Selasa, 12 November 2013

Diskusi Wali Nanggroe Didemo PETA

Diskusi Qanun Wali Nanggroe di aula Hotel Meuligo Meulaboh, Senin (11/11) kemarin, terganggu dengan aksi demo puluhan massa Front Pembela Tanah Air (PETA) Aceh Barat. Dialog kembali berlangsung, setelah polisi membubarkan massa penolak Wali Nanggroe.

Massa Front PETA Aceh Barat menolak pelaksanaan diskusi Qanun Wali Nanggroe di wilayah Bumi Teuku Umar. Hal tersebut disampaikan Panglima PETA Aceh Barat saat berorasi.”Haram adanya kegiatan Wali Nanggroe seperti ini, di Bumi Teuku Umar,” ujarnya.
Berkali-kali, PETA mengutarakan jika kegiatan demikian adalah upaya trik pembodohan bagi masyarakat, sehingga pantas ditolak pelaksanaannya di Kabupaten Aceh Barat. Namun aktivitas massa pendemo tidak bisa bertahan lama, karena personil polisi berpakaian lengkap menyuruh para pendomo untuk bubar.”Sudah disampaikan pendapatnya kan? sudah makan kan? Apalagi. Pulang terus sana,” kata seorang petugas berpakaian lengkap bernama Aipda Karianta kepada massa.

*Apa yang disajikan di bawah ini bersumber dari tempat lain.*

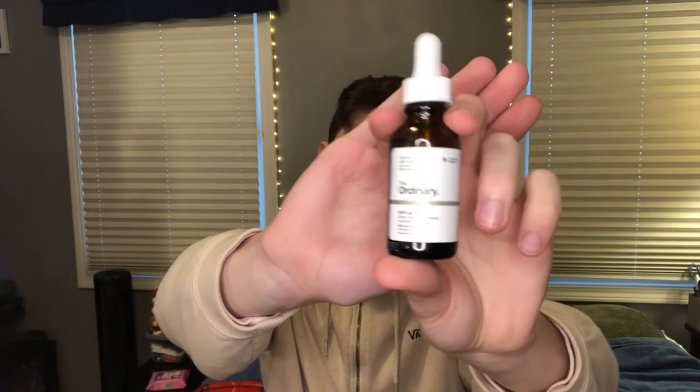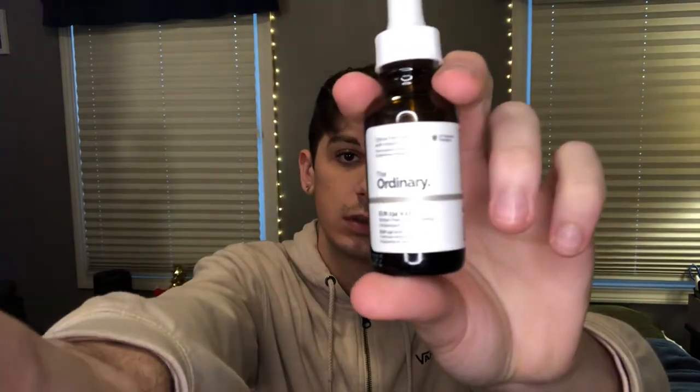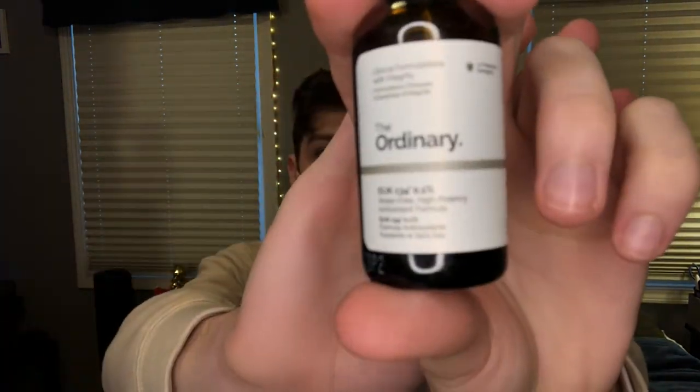I have another antioxidant I tried out — the EUK 134 0.1% by The Ordinary. I used this a couple times at night and once in the morning. It's thick, it's gross, it's not good. It doesn't do anything. I don't like it. No.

Tidak berhasil bertemu dengan panitia pelaksana kegiatan dan Ketua Majelis Adat Aceh (MAA) Badruzzaman, Taufiq terlihat kesal hingga mengajak puluhan anggotanya untuk bubar meninggalkan pekarangan Hotel Meuligoe Meulaboh.Dengan adanya aktivitas demontrasi demikian, diskusi Qanun Wali Nanggroe sempat terganggu, dan kembali dilanjutkan pukul 15.00 Wib, dengan diikuti ratusan peserta perwakilan dari empat Kabupaten, yakni Kabupaten Aceh Barat, Kabupaten Aceh Jaya, dan Kabupaten Aceh Barat Daya, dan Kabupaten Singkil.

Staf khusus Lembaga Wali Nanggroe Fakhrul Syahmega yang menjadi fasilitator dalam kegiatan diskusi tersebut, menjawab wartawan, merespon kelompok riak demonstrasi massa PETA Aceh Barat dengan positif. Menurutnya, hal tersebut merupakan sebuah yang wajar.
Mungkin, tambah Fakhrul, PETA Aceh Barat belum memahami terperinci secara detail isi dari Qanun Wali Nanggroe, hingga sampai ada beda pemahaman sudut pandang dalam melihat Qanun Wali Nanggroe. Padahal, lembaga Wali Nanggroe merupakan lembaga adat pemersatu peradaban khasanah di Aceh.”Jadi hanya Mis komunikasi saja dengan masa pendemo, makanya salah persepsi,” jawabnya.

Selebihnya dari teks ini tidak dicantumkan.